▶ DIRECTIONS FOR THIS TASK
Only the lines from the first line of the records through the line containing "Image of LMDPRAJAPATIS" belong in the answer. Copy them exactly.

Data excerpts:
^^^^

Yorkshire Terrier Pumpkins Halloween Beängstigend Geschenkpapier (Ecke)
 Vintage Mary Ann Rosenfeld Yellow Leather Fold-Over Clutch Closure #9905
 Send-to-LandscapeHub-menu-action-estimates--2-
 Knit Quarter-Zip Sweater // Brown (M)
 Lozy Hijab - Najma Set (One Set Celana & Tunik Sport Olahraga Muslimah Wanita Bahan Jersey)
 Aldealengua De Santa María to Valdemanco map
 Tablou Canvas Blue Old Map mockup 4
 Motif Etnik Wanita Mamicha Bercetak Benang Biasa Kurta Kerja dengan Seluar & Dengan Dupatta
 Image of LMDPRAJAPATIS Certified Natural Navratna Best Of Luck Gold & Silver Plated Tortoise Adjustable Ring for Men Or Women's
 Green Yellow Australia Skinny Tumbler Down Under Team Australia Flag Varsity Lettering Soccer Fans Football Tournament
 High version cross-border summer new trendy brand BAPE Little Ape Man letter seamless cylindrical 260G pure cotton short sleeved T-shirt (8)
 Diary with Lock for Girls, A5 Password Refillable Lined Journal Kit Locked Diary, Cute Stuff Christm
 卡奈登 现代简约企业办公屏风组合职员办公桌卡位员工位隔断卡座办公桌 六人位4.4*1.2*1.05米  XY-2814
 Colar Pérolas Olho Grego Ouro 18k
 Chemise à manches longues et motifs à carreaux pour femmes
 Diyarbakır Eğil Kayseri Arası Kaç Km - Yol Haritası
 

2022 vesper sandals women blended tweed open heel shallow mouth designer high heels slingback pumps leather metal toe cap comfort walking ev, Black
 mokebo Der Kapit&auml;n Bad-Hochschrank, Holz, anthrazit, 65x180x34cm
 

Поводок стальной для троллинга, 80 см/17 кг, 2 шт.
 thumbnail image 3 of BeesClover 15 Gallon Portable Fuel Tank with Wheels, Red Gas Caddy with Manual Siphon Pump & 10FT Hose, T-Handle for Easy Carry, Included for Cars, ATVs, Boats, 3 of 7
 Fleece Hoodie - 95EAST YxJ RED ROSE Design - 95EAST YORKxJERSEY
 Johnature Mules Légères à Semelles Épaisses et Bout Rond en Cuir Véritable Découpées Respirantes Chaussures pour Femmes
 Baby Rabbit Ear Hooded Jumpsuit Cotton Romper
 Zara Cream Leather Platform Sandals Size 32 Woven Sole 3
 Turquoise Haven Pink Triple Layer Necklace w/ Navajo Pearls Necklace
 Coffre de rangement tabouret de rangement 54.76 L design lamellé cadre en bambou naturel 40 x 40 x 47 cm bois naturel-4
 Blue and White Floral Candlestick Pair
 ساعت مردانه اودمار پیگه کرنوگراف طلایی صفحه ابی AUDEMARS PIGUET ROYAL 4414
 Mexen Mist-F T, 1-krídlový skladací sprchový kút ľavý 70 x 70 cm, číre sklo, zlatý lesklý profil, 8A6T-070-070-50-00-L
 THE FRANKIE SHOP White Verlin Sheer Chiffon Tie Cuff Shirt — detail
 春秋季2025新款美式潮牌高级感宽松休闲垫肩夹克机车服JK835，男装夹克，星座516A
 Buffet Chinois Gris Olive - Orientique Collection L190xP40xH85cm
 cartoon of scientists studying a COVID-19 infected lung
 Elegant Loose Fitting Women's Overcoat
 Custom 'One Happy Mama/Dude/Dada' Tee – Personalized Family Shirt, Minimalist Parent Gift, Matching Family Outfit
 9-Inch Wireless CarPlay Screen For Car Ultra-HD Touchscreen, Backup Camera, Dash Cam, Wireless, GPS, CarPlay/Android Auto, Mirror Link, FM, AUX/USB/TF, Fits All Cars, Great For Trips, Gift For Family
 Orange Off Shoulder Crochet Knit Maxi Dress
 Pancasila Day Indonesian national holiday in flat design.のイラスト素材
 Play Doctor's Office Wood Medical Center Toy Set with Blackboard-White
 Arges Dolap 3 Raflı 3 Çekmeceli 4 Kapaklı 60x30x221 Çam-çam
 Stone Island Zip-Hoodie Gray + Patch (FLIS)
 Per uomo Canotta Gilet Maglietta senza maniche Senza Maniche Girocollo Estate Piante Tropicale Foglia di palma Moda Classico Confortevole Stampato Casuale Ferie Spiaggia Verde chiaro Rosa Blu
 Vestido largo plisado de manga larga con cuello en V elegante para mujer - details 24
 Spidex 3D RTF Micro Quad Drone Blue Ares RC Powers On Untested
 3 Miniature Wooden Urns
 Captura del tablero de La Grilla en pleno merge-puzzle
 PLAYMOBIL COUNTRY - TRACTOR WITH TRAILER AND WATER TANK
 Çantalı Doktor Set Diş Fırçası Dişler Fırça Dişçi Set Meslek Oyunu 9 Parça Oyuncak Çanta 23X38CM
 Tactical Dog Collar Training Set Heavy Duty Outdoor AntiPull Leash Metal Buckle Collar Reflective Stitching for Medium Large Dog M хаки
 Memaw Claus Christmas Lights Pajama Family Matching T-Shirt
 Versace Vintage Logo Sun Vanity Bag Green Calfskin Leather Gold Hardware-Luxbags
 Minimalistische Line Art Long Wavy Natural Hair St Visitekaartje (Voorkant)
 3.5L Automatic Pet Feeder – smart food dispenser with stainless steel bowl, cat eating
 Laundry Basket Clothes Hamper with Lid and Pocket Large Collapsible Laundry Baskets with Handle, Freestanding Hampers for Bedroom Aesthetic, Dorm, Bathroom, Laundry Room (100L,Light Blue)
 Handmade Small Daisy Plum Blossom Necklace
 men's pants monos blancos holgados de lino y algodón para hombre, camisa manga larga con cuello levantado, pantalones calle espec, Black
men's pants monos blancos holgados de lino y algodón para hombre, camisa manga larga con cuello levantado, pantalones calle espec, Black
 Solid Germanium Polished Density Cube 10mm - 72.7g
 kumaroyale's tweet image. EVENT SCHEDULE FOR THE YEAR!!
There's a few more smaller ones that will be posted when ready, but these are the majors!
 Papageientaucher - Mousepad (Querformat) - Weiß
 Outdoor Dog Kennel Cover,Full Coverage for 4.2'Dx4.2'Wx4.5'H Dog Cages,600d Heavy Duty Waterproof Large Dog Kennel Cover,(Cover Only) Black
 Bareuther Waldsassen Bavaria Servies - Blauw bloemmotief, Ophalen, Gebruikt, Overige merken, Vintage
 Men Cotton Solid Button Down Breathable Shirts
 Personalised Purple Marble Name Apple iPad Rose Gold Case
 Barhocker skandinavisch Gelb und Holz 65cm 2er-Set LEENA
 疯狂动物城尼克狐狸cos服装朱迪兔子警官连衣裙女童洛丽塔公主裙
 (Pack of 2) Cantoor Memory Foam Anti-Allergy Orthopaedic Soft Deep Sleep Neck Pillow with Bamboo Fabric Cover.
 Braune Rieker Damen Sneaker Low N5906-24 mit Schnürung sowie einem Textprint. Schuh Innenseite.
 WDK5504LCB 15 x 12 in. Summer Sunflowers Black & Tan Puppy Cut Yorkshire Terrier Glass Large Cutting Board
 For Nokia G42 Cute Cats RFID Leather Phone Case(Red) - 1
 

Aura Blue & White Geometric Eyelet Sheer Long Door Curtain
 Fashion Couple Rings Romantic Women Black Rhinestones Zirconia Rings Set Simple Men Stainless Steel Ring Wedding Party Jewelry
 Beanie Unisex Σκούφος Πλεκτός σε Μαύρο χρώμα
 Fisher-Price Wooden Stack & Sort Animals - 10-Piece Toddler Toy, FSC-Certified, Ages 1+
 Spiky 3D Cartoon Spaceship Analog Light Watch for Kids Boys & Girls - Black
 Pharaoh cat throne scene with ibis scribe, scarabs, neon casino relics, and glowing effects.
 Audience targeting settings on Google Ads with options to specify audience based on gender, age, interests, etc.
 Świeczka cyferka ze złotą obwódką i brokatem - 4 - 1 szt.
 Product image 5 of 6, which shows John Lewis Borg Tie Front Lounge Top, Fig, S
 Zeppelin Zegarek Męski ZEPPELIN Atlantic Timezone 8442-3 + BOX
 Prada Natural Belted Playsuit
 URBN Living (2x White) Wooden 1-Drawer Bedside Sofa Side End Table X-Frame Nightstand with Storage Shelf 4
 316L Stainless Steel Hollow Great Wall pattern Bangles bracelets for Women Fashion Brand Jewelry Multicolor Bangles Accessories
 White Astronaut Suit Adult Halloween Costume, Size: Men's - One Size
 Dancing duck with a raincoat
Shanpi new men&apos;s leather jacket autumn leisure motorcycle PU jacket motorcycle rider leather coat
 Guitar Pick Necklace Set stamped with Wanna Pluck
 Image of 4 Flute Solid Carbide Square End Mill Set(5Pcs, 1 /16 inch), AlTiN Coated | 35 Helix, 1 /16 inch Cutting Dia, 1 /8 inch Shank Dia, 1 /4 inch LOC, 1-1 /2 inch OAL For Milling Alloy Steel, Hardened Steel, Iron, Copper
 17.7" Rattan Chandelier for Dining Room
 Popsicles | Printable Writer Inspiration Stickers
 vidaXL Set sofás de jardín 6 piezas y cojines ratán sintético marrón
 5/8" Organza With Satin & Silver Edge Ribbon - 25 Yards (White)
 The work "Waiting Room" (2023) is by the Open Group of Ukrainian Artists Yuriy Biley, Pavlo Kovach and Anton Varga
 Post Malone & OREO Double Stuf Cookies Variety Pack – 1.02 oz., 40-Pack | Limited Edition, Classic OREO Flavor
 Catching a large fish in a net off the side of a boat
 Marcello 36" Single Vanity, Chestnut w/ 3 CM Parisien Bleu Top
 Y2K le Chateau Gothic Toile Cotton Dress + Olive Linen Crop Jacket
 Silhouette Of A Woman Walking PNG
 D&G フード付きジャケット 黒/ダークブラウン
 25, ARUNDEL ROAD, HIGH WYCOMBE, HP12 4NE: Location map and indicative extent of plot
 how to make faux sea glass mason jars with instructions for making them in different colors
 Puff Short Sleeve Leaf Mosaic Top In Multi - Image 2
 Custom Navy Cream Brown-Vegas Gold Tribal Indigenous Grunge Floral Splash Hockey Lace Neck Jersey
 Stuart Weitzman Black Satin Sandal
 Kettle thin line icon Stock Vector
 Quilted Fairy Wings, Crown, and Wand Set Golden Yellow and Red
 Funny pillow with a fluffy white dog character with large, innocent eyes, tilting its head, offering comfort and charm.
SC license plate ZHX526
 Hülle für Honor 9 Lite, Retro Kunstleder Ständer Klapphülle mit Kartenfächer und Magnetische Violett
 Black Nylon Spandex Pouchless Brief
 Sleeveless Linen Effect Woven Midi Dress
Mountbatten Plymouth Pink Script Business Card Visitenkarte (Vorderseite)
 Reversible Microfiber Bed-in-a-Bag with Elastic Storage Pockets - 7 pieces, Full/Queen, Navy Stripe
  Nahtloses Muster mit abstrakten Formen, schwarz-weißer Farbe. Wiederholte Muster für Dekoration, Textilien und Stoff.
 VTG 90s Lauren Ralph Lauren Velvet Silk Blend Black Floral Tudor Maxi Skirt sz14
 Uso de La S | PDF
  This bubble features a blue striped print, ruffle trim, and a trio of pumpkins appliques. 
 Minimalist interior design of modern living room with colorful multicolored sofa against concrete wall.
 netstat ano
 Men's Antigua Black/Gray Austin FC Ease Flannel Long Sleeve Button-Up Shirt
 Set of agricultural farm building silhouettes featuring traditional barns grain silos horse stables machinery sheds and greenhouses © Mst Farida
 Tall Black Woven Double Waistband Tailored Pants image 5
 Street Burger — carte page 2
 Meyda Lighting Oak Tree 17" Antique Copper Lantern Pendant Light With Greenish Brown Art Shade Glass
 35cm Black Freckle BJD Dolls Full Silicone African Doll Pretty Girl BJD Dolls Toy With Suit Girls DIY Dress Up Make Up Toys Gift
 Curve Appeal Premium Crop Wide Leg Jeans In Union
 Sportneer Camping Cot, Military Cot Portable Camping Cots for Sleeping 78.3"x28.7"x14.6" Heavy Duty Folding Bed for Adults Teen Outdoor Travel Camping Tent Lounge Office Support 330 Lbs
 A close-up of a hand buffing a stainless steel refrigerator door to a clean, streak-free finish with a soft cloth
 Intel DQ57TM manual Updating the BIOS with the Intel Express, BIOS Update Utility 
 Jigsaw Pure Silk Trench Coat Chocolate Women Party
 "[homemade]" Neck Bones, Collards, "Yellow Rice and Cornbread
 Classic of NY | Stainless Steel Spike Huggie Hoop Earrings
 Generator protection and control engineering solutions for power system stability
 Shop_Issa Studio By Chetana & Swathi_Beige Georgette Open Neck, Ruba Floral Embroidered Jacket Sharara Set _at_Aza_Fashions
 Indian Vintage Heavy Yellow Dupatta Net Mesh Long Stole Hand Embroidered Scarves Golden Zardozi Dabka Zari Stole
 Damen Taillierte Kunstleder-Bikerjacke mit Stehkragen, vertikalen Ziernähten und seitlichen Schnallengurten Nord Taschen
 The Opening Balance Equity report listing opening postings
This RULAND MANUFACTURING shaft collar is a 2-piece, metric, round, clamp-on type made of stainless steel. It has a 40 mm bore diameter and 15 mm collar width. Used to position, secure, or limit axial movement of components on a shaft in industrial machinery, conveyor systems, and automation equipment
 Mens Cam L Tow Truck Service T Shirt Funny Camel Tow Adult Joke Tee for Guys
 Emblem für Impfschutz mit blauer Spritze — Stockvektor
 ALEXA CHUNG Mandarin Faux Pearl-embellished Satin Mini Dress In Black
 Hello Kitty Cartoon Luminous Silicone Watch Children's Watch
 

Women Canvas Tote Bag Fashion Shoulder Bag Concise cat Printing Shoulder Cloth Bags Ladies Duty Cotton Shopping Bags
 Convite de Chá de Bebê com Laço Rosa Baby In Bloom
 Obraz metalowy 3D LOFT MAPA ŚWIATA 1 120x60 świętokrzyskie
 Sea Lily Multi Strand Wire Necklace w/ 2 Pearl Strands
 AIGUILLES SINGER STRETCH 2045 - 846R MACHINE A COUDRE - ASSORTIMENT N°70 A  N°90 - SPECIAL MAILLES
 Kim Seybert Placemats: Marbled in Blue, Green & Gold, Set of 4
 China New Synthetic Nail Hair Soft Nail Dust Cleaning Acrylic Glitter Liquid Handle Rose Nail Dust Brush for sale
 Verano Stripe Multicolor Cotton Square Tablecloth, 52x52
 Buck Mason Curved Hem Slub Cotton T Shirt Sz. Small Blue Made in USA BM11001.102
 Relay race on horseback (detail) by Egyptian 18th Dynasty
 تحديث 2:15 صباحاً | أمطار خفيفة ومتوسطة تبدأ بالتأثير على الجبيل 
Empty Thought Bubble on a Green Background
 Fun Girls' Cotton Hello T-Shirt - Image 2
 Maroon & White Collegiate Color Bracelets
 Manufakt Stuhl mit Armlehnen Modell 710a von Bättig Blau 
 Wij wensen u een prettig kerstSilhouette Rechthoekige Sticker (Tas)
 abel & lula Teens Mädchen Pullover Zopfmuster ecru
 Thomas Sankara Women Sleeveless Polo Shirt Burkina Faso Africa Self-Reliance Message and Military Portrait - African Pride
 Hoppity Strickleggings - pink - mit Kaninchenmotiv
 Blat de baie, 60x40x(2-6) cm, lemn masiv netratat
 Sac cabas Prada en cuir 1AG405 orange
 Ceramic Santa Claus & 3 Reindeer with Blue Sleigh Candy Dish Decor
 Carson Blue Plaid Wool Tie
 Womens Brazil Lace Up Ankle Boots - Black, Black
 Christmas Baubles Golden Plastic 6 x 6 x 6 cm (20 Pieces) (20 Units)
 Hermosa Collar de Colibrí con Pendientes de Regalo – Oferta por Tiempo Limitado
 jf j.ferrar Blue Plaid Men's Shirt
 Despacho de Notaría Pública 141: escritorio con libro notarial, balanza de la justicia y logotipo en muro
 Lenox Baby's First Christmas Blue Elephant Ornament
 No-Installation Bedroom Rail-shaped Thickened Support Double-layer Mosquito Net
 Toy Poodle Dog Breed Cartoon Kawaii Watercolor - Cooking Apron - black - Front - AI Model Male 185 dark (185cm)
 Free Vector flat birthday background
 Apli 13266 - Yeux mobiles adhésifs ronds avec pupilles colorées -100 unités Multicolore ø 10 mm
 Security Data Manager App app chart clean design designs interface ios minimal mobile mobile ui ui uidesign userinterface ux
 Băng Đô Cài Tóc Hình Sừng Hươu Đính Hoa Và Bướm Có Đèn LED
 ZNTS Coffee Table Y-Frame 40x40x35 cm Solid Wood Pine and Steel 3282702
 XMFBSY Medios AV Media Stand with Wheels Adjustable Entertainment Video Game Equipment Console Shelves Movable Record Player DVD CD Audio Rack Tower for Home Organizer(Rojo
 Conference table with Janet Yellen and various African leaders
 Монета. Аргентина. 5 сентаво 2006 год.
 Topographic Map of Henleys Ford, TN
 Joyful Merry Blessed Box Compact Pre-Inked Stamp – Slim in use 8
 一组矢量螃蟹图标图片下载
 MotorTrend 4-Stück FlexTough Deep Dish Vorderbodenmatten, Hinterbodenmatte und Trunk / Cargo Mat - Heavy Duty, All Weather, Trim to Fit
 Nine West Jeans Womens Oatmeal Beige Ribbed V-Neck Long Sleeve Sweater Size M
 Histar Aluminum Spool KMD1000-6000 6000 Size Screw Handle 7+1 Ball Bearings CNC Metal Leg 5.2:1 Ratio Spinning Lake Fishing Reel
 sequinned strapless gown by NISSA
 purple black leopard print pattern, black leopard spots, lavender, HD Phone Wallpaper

^^^^

▶ OUTPUT FOR THIS EXERCISE
Yorkshire Terrier Pumpkins Halloween Beängstigend Geschenkpapier (Ecke)
 Vintage Mary Ann Rosenfeld Yellow Leather Fold-Over Clutch Closure #9905
 Send-to-LandscapeHub-menu-action-estimates--2-
 Knit Quarter-Zip Sweater // Brown (M)
 Lozy Hijab - Najma Set (One Set Celana & Tunik Sport Olahraga Muslimah Wanita Bahan Jersey)
 Aldealengua De Santa María to Valdemanco map
 Tablou Canvas Blue Old Map mockup 4
 Motif Etnik Wanita Mamicha Bercetak Benang Biasa Kurta Kerja dengan Seluar & Dengan Dupatta
 Image of LMDPRAJAPATIS Certified Natural Navratna Best Of Luck Gold & Silver Plated Tortoise Adjustable Ring for Men Or Women's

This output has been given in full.